The big parking area right off of Hwy 9 was our trailhead. I chose this Hoosier Ridge route as it started at 11,500 instead of 10,900, (which is the elevation of the “West Ridge” route, 2 miles further south down Hwy. 9 towards Alma). The idea of 600 feet of elevation we could drive appealed to me. Also, my friend Weshun told me the story of his “postholing hell” down in the bottom of Beaver Creek which is what you’ve got to cross if you go the "West Ridge route." I chose to avoid that waist deep possibility.
photo taken in the afternoon once back at the car
It seems that we are always late for our intended “boots on trail” time. Therefore, I ask for people to arrive at 7:30am so we could gear up as I wanted to take a group photo before we started at 8am.
L to R globreal, lostsheep5, BobbyFinn, KateFinn, martynda, robco, Milan, Brian Thomas, AdAlta, ebnhils
We did pretty good today. We had all 10 of us hiking by 8:05am.
There was a group that “highjacked” my 14ers.com thread to lead a group up Mt. Silverheels on Saturday, Dec. 10th; the day before my climb. This turned out to be a really good thing as they put in a trench for us & gave us beta that we could do this hike without snowshoes. Thanks, Saturday climbers!
Eric shows us what happens when you get out of the boot pack
Brian Thomas, hikes with Mt. Quandary in the background
Milan shows us how beautiful it can be to hike in the winter months.
photo by milan
Looking up the Hoosier Ridge at about 12,000 feet. We took the route to the south and to the right of this ridge.
Five hikers above KatieFinn as we head east
We stopped to take a break and reconvene before the long hike around the bowl toward the ridge with the powerline pole. Staying south of the east-west ridgeline proved to be a wise choice. We were totally blocked from the winter winds down here.

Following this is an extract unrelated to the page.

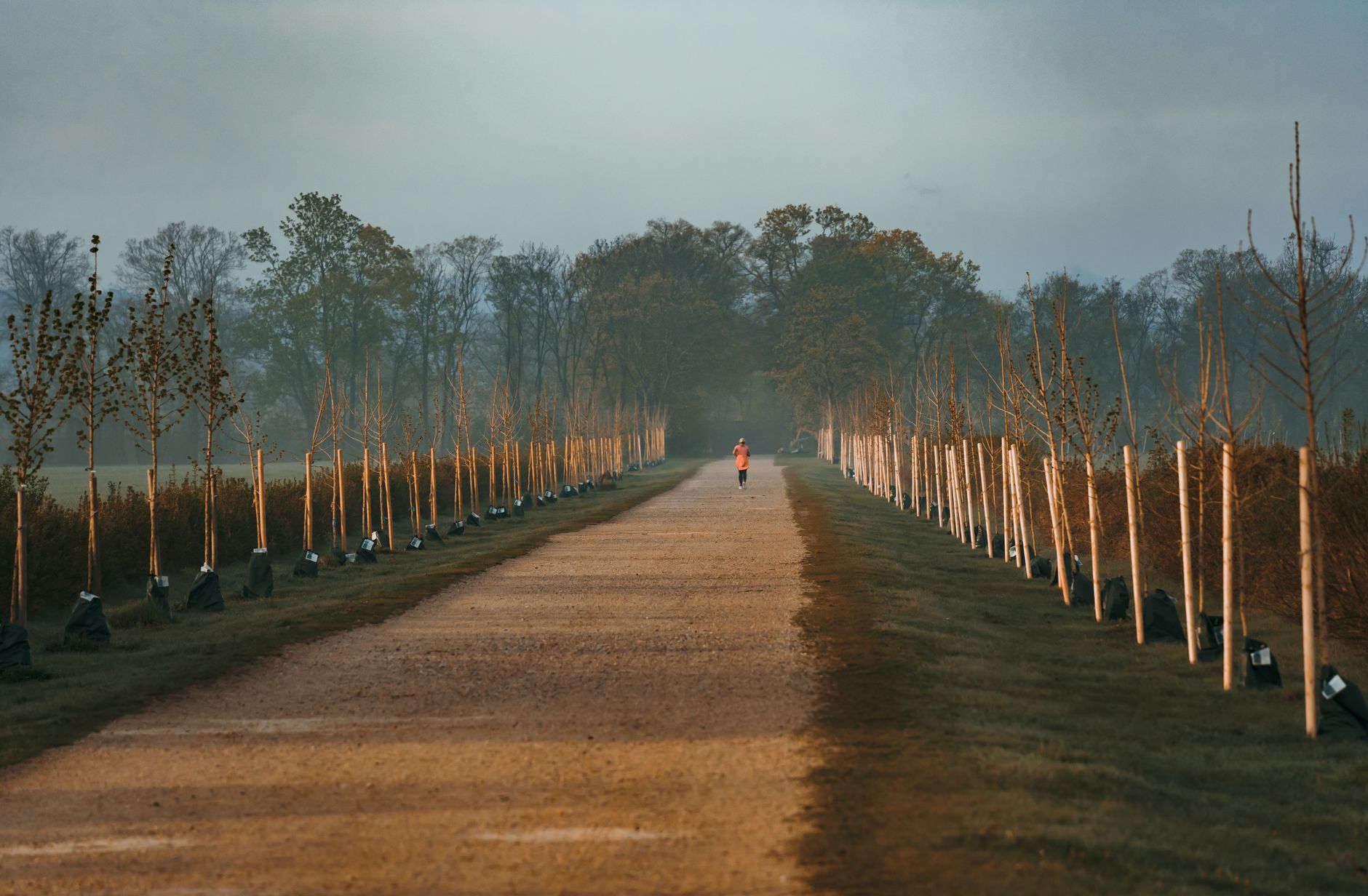 Runners on a red-earth forest trail under tall trees in Nairobi at sunrise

These are the powerlines and the ridge that you want to hike all the way east to. If you are suckered into the direct (southeast) route, you’ll end up losing much more elevation on your way to Silverheels than you would have probably wished for.
Looking south to southeast, milan took this wide angle shot which shows all of Mt. Silverheels as we are hiking south from Hoosier Ridge.
photo by milan
Looking back down (north) from the route we just hiked up from the powerlines. (There is one powerpole in the photo, just beyond where our tracks go around the lower ridge in the middle of the photo.)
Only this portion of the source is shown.